Camurati: STDs should remind teens that oral sex is still sex

A billboard in downtown Baltimore, is shown Thursday,

A billboard in downtown Baltimore, is shown Thursday, July 3, 1997, displays a message of abstinence towards teen sex. Credit: AP, 1997

It may not get you pregnant, but it's still not risk-free.

More than two-thirds of today's kids have engaged in oral sex, and the research suggests that teens don’t know the health risks. They see it as a safer course of action than vaginal intercourse.

A recent study by the Centers for Disease Control of nearly 10,000 men and women ages 15 to 24 revealed that while teenage sexual conduct has decreased and condom use has increased since the late '80s, the rate of sexually transmitted infections hasn't budged.

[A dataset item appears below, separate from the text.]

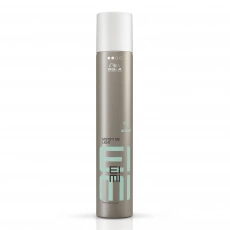 Wella Professionals Eimi Fixing Hairsprays Mistify Me Light 500 ml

Unlike a typical interview, participants entered answers into a computer and did not have to disclose the intimate details of their personal lives to an unfamiliar adult. That significantly increases the chance that teens gave real information.

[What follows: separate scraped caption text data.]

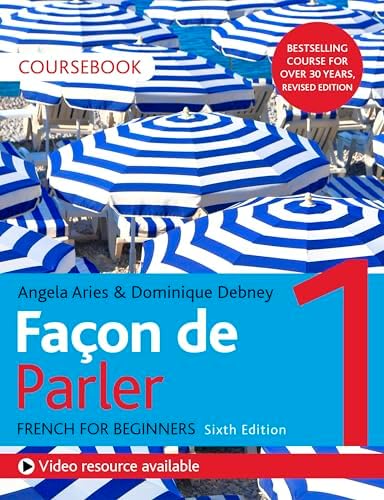 Mauger Bleu (モジェ・ブルー) Ⅰ～Ⅳ 全４巻揃 Amazon.com: G Mauger Blue Cours de Langue et de Civilization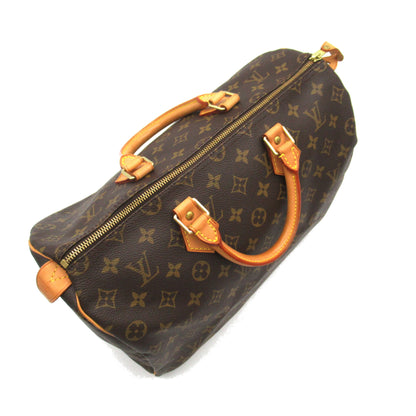 Louis Vuitton Speedy Handbag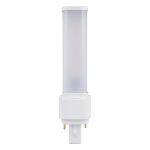 Ledvance Dulux-D LED 6W - 840  | Remplacement 13W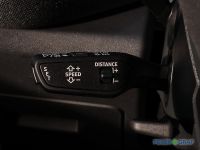 Audi Q5 - Vorschau Bild 11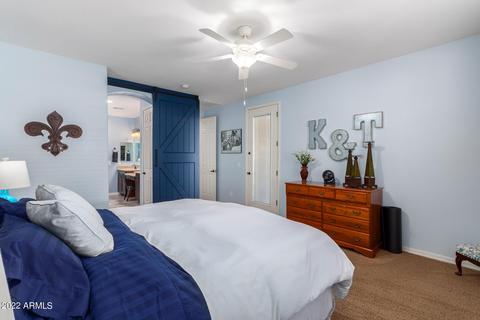2536 E Tonto Dr, Gilbert, AZ 85298 photo 5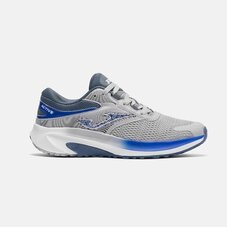Кросівки бігові Joma ACTIVE RACTIS2612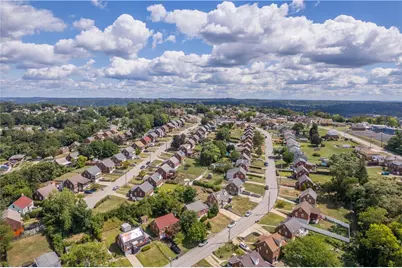 2678 Glenny Ln, West Mifflin, PA 15122 - Photo 39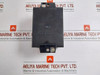 Fellow Kogyo Capacitance Level Meter 0-20 S Part No. Ct-2.3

The percentages were fairly equal for boys and girls ages 15 to 19 across the board — 49 percent of boys admitted to giving or receiving oral sex, compared with 48 percent of girls. Similarly, 44 percent of boys have engaged in vaginal sex, while 47 percent of girls said they had.

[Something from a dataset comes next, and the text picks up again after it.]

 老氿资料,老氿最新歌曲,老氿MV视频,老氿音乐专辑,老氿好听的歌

About half of all the newly diagnosed STIs in 2010 were in that 15 to 24 age group. The increase in condom use is a great start, but if America's teenagers think oral sex can't do any harm, something needs to be done.

We harp on unwed pregnancies and underage parents most every day, but few touch the subject of any other potential risks. Some curriculums don't allow any lesson plan beyond abstinence-only, and those southern areas tend to have higher rates of teen pregnancy and STIs.

Mississippi constantly tops the list of teen pregnancies with a rate of 35.2 per 1,000 women, 15 points above the national average. The state is also in the middle of a sex education studies struggle after years of abstinence-only education. Louisiana is up there as well with a rate of 27.1 while the new tax-funded voucher schools will have Christian-based textbooks and lesson plans this fall, leaving little room for any discussion of sex beyond “not until you’re married.”

Sex is sex — no matter what word you put before it, the same general risks apply. You can get STIs or HIV from oral sex the same as vaginal sex. Herpes doesn’t go away and Chlamydia can damage reproductive organs. It only takes one exposure to change your life forever.

Pictured above: A billboard in downtown Baltimore displays a message of abstinence towards teen sex.